Domaine n°125 (06/2023)

Deux mois plus tard, je ne parviens toujours pas à saisir cette exploration dans son ensemble. Elle reste un mystère, autant par ce que j’y ai vu que par la fatigue ressentie sur le moment. Dernier lieu lors d’un voyage de deux jours, le Domaine n°125 se présente derrière de hautes palissades infranchissables. Seul un mur de deux mètres nous offre un accès. Mais j’ai mal dormi, mes jambes ne soutiennent plus grand-chose et je reste toujours aussi peu mobile et athlétique. Mes deux comparses passent sans problèmes. Quand viens mon tour, la réalité est tout autre. J’ai tout d’un coup l’impression de grimper une paroi rocheuse des Alpes sans matériel ni oxygène et en tongs. Accrocs, griffures et bleus, voilà ma récompense.

Tandis que je tente de calmer mon rythme cardiaque, nous avançons au cœur de la végétation qui entoure le domaine. Quand celui-ci se révèle, il me semble immense et biscornu. L’architecture ne répond à aucune logique, aucun ordre ni symétrie. Passant devant deux petites dépendances pour tenter de trouver une entrée dans le domaine, je remarque bien vite qu’elles sont remplies d’objets divers. Empilés les uns sur les autres, abîmés, rouillés… C’est un véritable capharnaüm.

Et c’est pareil dans le bâtiment principal. Nous ne marchons pas sur le sol, mais sur une couche bien étrange faite de vieux magazines, d’ustensiles, de meubles, de bois. Ça craque, ça glisse, c’est mou… Chaque pas doit être exécuté consciencieusement et calmement. Il y a tant d’affaires, tant de choses que j’ai parfois l’impression d’avoir pénétré chez une personne atteinte du syndrome de Diogène.

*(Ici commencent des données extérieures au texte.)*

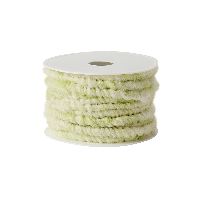 Wollstränge GRÜN melange 681 10 mm / 10 mtr.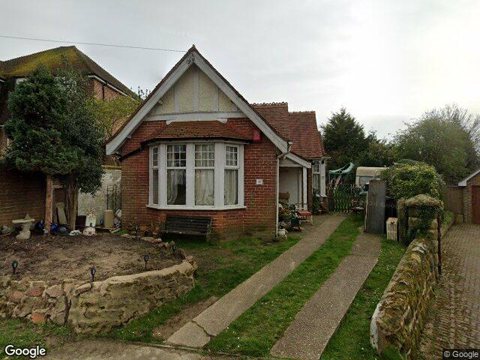 Castlemaine Care Home, St Leonards-on-Sea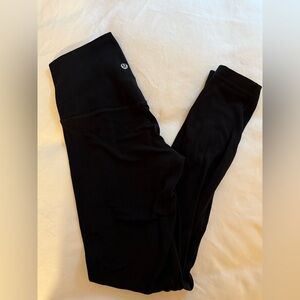 Lululemon Athletica Black Leggings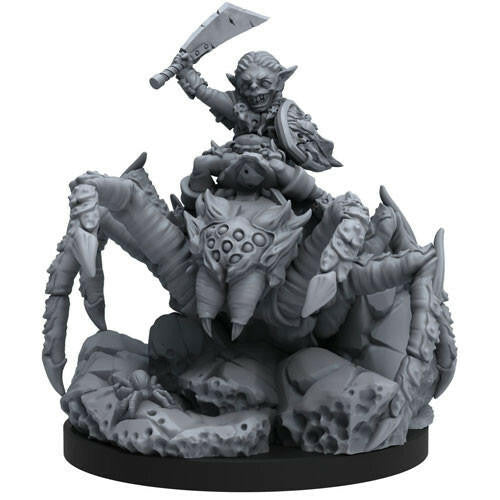 Steamforged Games Epic Encounters Labyrinth of the Goblin Tsar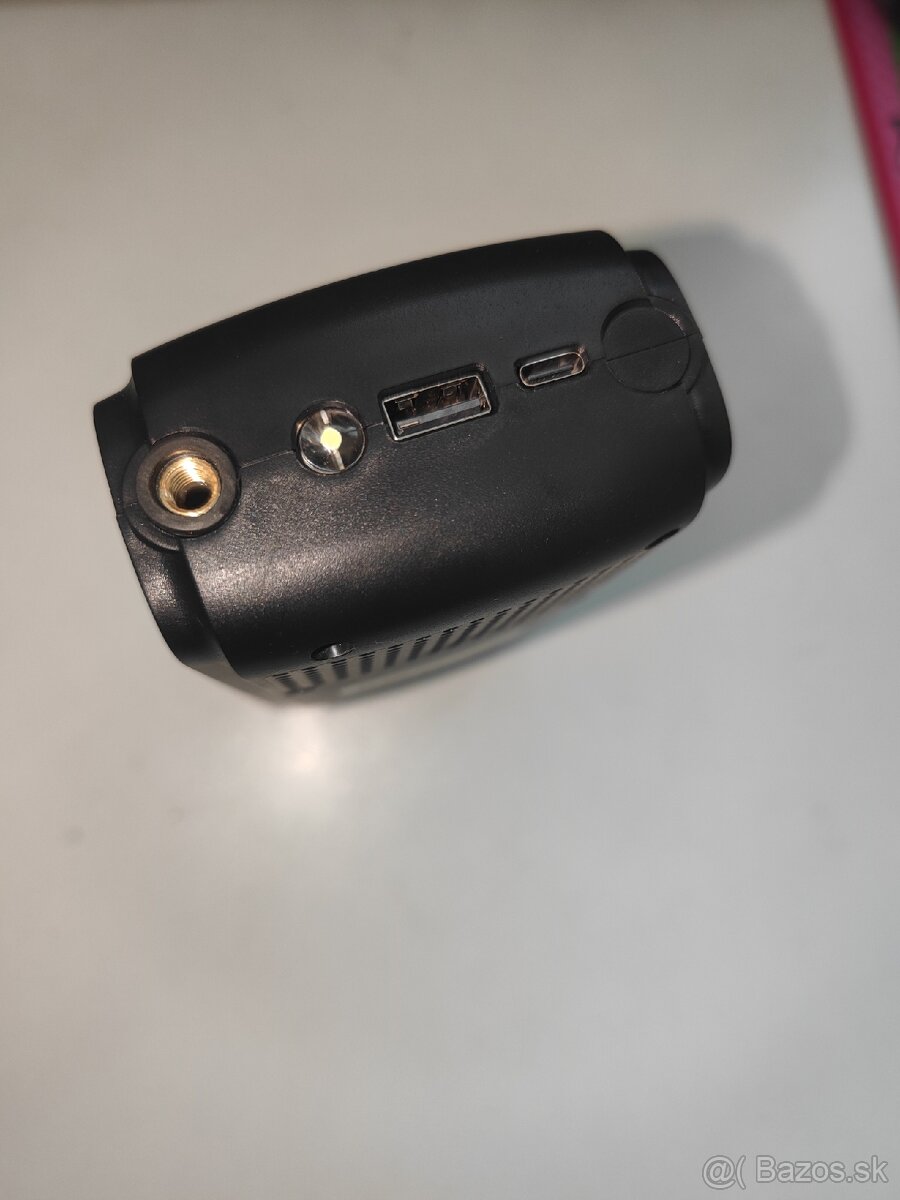 Ručný kompresor - 3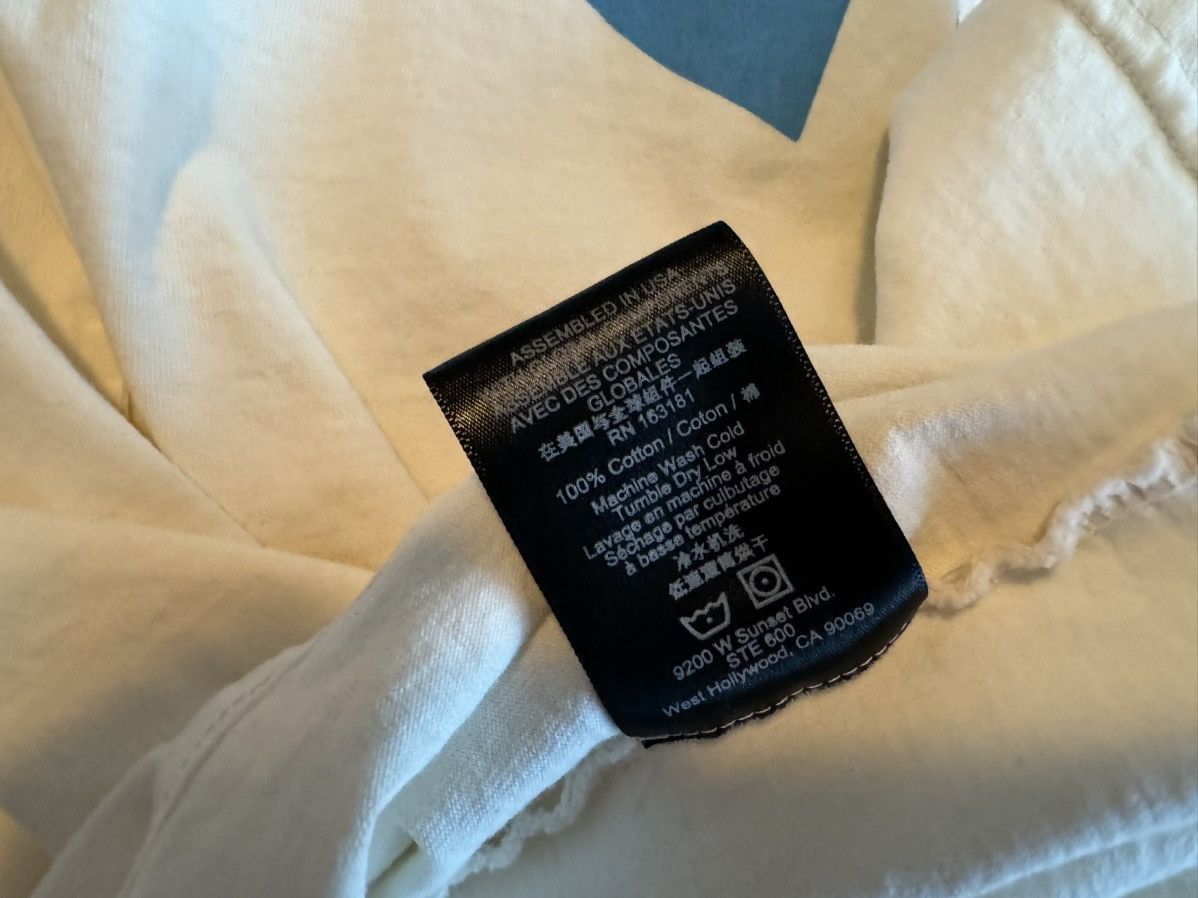 Rhude Rhude - Sextasy Tee Size US L / EU 52-54 / 3 - 5 Thumbnail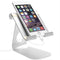 Universal Aluminum Alloy Anti-Slip Portable Support Tablet Stand Holder for iPad Air Mini iPhone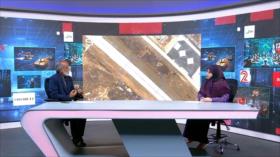 Medios hebreos se centran en la contundente respuesta iraní a la presencia estadounidense en la región | Dice Israel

Je prends bien quelques clichés, ici et là, quand quelque chose accroche mon regard. Mais je ne sais pas vraiment ce que je vois, ni ne comprends où je suis. C’est comme un rêve où la moindre action, le moindre geste, la moindre pensée est amplifiée.

Finissant le rez-de-chaussée, je souhaite passer à l’étage supérieur mais ne trouve aucun accès. Je cherche mes camarades, en retrouve une mais pas le premier. Où est-il ? Je passe, repasse, cherche, recherche… Introuvable. Devant la bêtise du geste, je l’appelle néanmoins au téléphone. Il ne répond pas non plus. Puis, tout d’un coup, le voilà à une fenêtre : « c’est là-bas, puis fais ça… ». Sa solution ne me paraît pas faisable.

Au final, si. Je cale tant bien que mal une chaise sur un monticule d’appareils divers, tente de me tenir aux murs et essaie de grimper sur le reste d’escalier qui m’attend là-haut… Je vais y passer, je vais finir embroché et j’aurai l’air bien bête devant les secours… Voilà ce que je pense sur l’instant.

Là-haut, tout en marchant prudemment, je découvre une salle immense. Comme un vieux théâtre dont seuls subsistent les murs. Plus de marches, plus de sièges, mais l’espace reste toujours là. Bouche bée, j’examine les alentours, les arbres qui poussent ci et là , les murs couverts de vert… C’est beau et étrange à la fois.

Mais un nouvel appui sur une poutre branlante me ramène au danger du lieu. Ile me tarde de sortir. Et au final, mon cœur ne se calme vraiment qu’une fois assis dans la voiture, prêt à partir.

Ne cherchez pas d’infos de localisation ou une partie histoire détaillée sur ce lieu, je n’en donnerai pas ni n’en publierai tant que la Domaine n°125 sera abandonné. Respectons-la pour la vie qu’il accueillit jadis, pour les gens qu’y vécurent et pour son éventuelle future vie (destruction, réhabilitation…).